Note that I have the Vengeance LPX DDR4-3733 on that list, and I can't get DDR4-3600 out of it. Ryzen's IMC is a bit picky. Things may get better with Pinnacle Ridge, or they may not. We can only hope.

Galax had some okay deals on b-die RAM direct from their website, but if you're in the US, good luck with that now. Most of those deals have all but dried up.
 

Chicken76

Senior member
Jun 10, 2013
254
40
91
I've installed Ryzen Master as suggested a few posts back and the temperatures look close to what HWMonitor displays (small differences because of different polling intervals).
However, the voltage it reports is quite high, almost 1.5v.

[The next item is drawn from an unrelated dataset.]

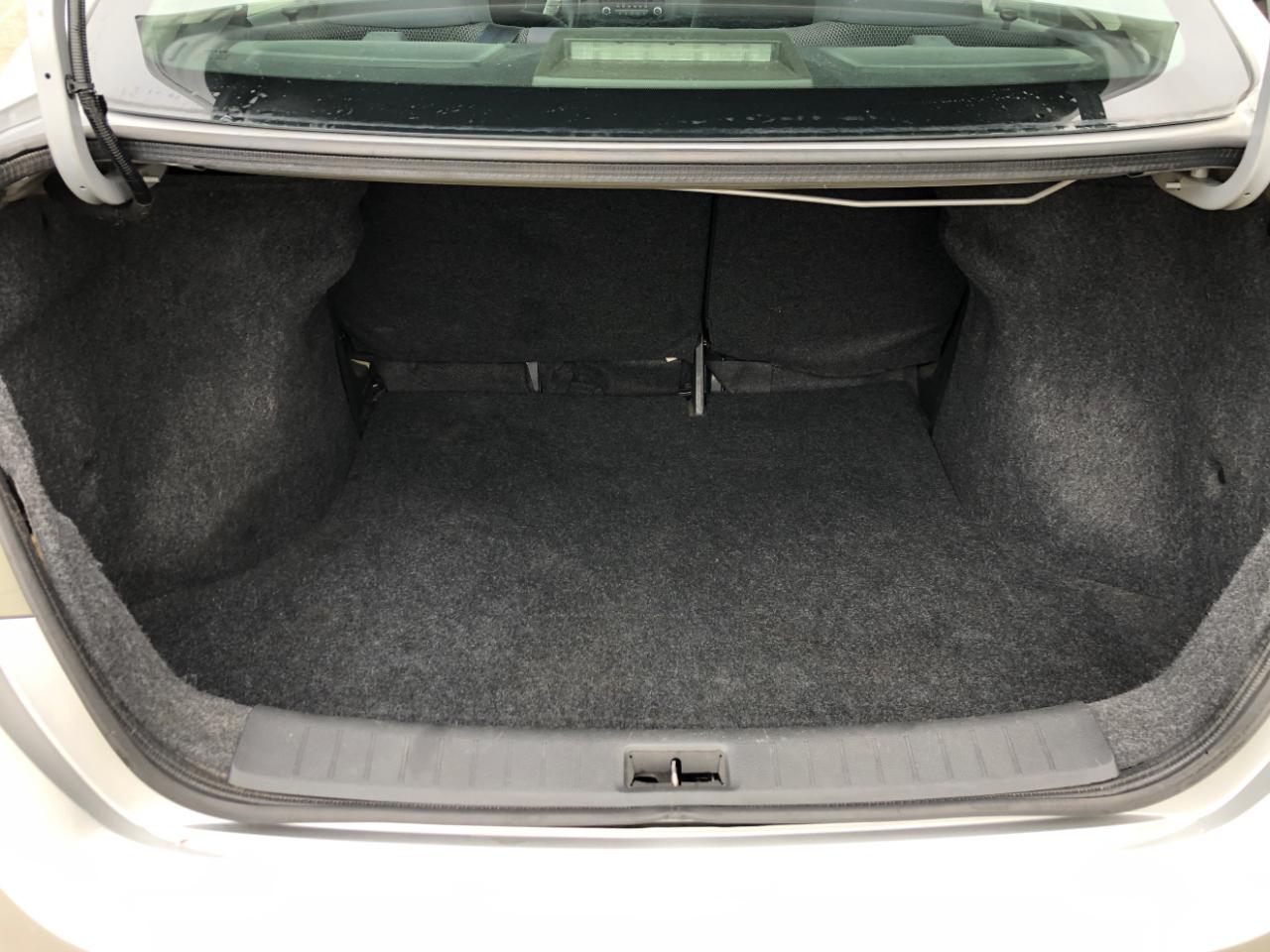 Nissan Sentra 4dr Sdn I4 CVT S 2016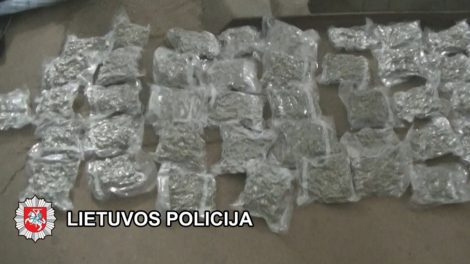 45 m. moters automobilyje pareigūnai aptiko apie 11 kg. įtariama narkotinių medžiagų (Video)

This is at idle, in Win7 using Windows' High Performance power profile. Everything is stock except the memory, which is using the XMP profile.
Do you think the reading is erroneous? Should I be worried?

sGq3HVK.jpg
 

Despoiler

Golden Member
Nov 10, 2007
1,966
770
136
Woo I have a working computer again! I ended up buying a Corsair 750D Airflow case. I didn't like how I had to have my pump/res in the back compartment of the Carbide Air 540 and sitting on my PSU no less. I had a spill over when filling. Coolant got down into my PSU. No damage, but needed to shut it down to dry. I didn't feel like risking a $200 PSU. The 750D is epicly large. Also, people on the internet still can't measure. This one review said there is 88mm between the top of the case and the mother board standoffs. Basically LIES. It's effectively around 79 or 80mm with 280 sized rads and including the hang off of the motherboard. It's just like the Air 540 case. I had to front intake mount my rad and fans, but there is an obscene amount of room with the HD bays removed. Pump/res is sitting in front of the rad. Leak test is good so far.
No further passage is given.